Cette page n’a pas encore été corrigée


L’ABSTRACTION ET LES IDÉES ABSTRAITES[1]


LES FORMES LES PLUS ÉLEVÉES DE L’ABSTRACTION

I

Les abstractions plus élevées que nous devons étudier à présent sont de plusieurs genres et plus ou moins élevées. Tantôt, la portion d’un système d’éléments psychiques isolée par l’abstraction peut subsister seule, et elle constitue ainsi une représentation abstraite ou une idée abstraite, tantôt elle peut s’associer avec un nouveau système de phénomènes et de tendances, pour former de nouveaux composés. Ces derniers cas montrent une abstraction peut-être plus pure, mais moins complexe en général. C’est par eux que nous commencerons, car leur étude pourra servir à élucider la question des représentations et des idées abstraites, telle que les philosophes l’ont comprise et qui n’est qu’une dépendance de la question plus générale que j’ai abordée dans ce travail.

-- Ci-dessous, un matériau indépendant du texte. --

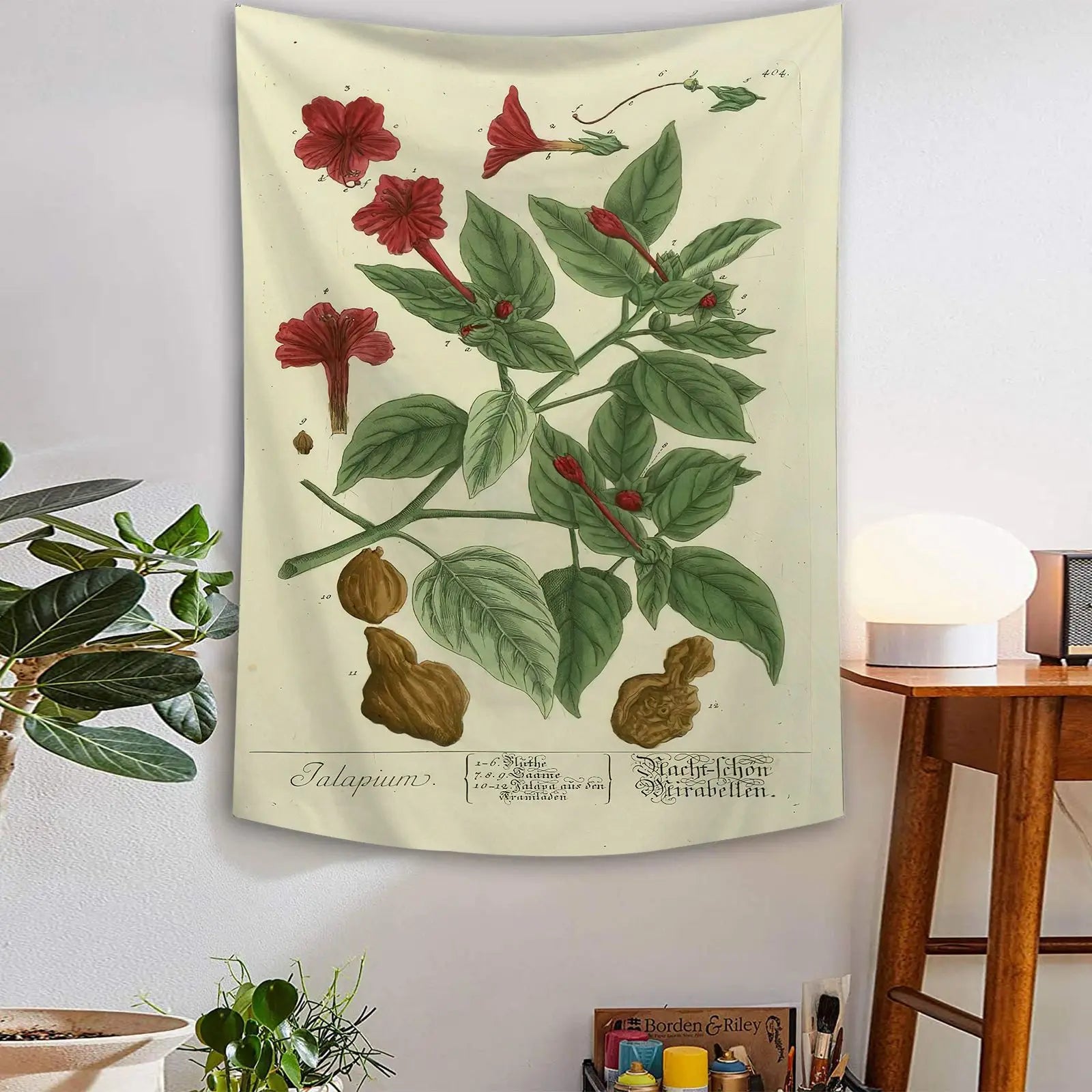Simple Style Boho Decoration Home  Wall Hanging Butterfly Flower Beach Towel Tapestry Decor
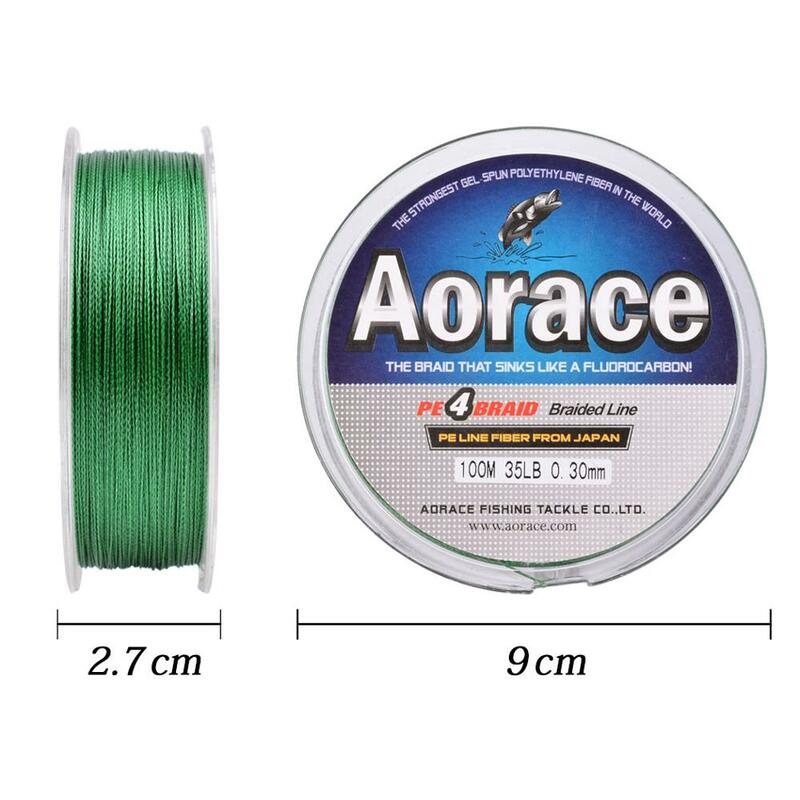 1 línea de Pesca 100M PE trenzada línea de Pesca 4 hebras 6-100LB multifilamentos Pesca líneas para Pesca de carpa buena para los peces trenza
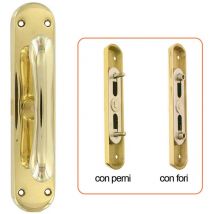 2PZ cremonese 'goccia' con fori - oro lucido verniciato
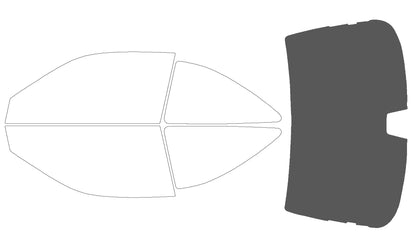 Precut Window Tint Kit for Honda Civic Coupe (2001–2005) | UV Block & Privacy Film - 14:200004890#Front Window 10 VLT;200007763:201336106-14:200004889#Front Window 05 VLT;200007763:201336106-14:200003699#Front Window 25 VLT;200007763:201336106-14:200004891#Front Window 20 VLT;200007763:201336106-14:365458#Front Window 45 VLT;200007763:201336106-  DRIVEN - 19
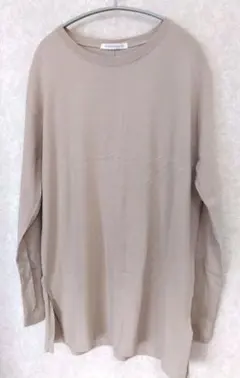 AMERICAN HOLIC 長袖カットソー　トップス　グレーベージュ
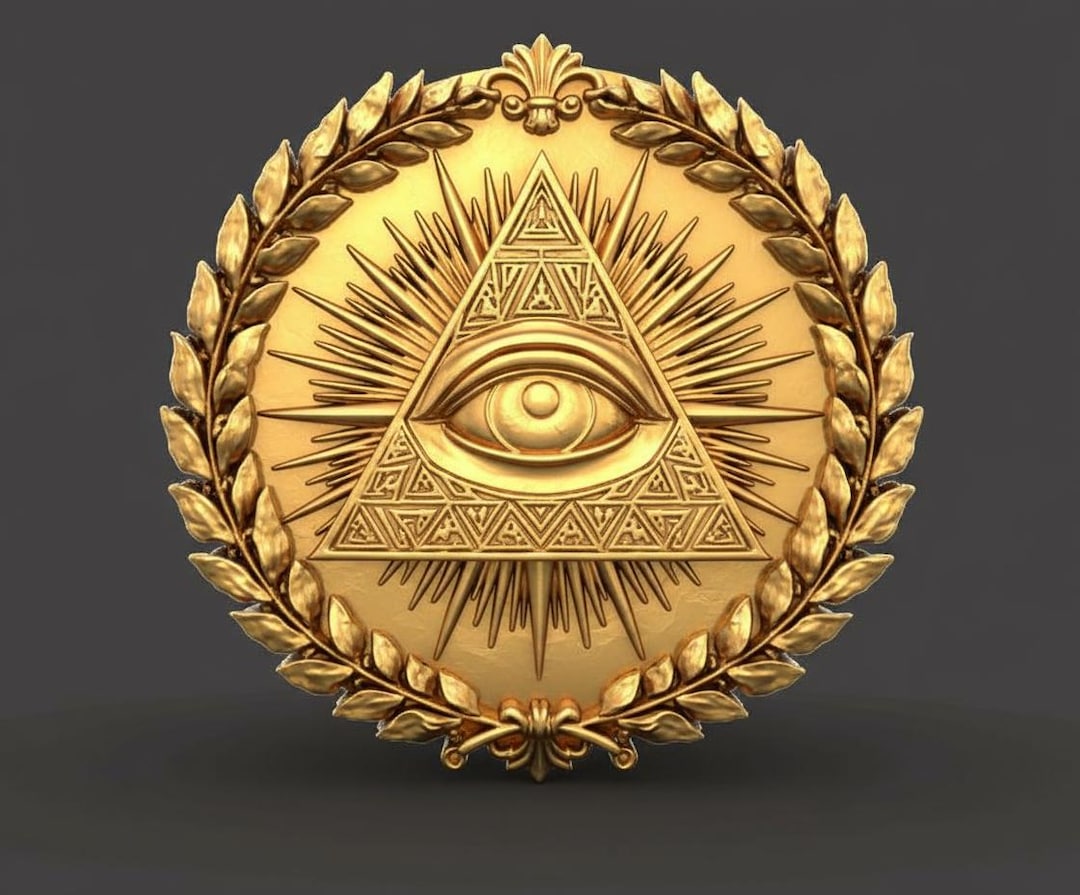 Divine Eye Wall Decor STL | Gothic All-seeing Eye 3D Model | Mystical ...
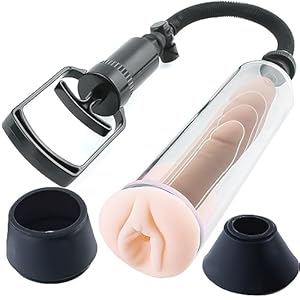 Penis Pumpe Masturbator Erhöht Seine Mitglieds Für Anfänger Penisvergrößerung Penis Erektion Effizienz Vakuumpumpe Stimulation Potenzmittelm Penispumpen Männer Expander P02-1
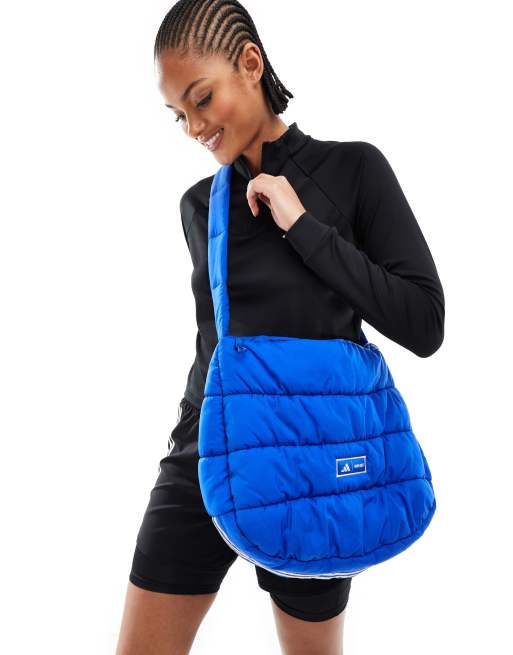 ☆Adidas x MOON BOOT☆Shopper Bag Blue adidas x Moon Boot Padded Blue Shopper Bag | Moon Boot®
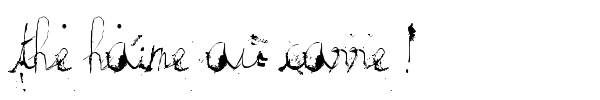 The haine au carre ! font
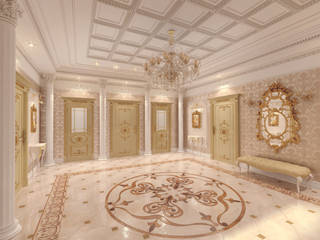 Особняк город Тобольск., Tutto design Tutto design Classic style corridor, hallway and stairs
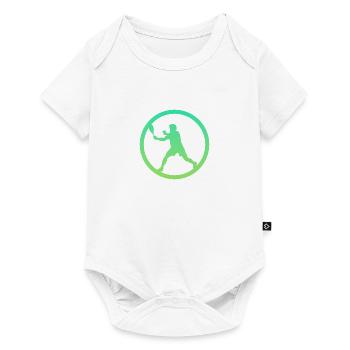 Squash Player Squash Racket Squash - Baby Premium short-sleeve bodysuit - white - Front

Nous avons vu que, dans les cas d’abstraction imparfaite, la portion abstraite entraînait après elle dans le nouveau système auquel elle s’associait quelques éléments du premier système où elle était contenue, ce qui produisait nécessairement une sorte d’incohérence plus ou moins forte, plus ou moins grande qui, dans certains cas même, peut être belle ou utile ou servir à la beauté ou à l’utilité. Au contraire, quand l’abstraction est plus parfaite, le nouveau système formé ne contient rien d’incohérent ; ce qu’il emprunte aux systèmes précédemment formés, c’est seulement ce qui s’harmonise parfaitement avec lui. L’abstraction ici sert à faire une bonne généralisation théorique ou pratique. Des faits de ce genre nous sont donnés par l’observation des animaux. D’après le révérend C. Henslow « le renard arctique, trop prudent pour se faire tuer comme le premier qui saisit un appât attaché par une ficelle à la gâchette d’un fusil, plongerait sous la neige et amènerait ainsi l’appât au

  1. Voir les numéros de janvier et février 1889.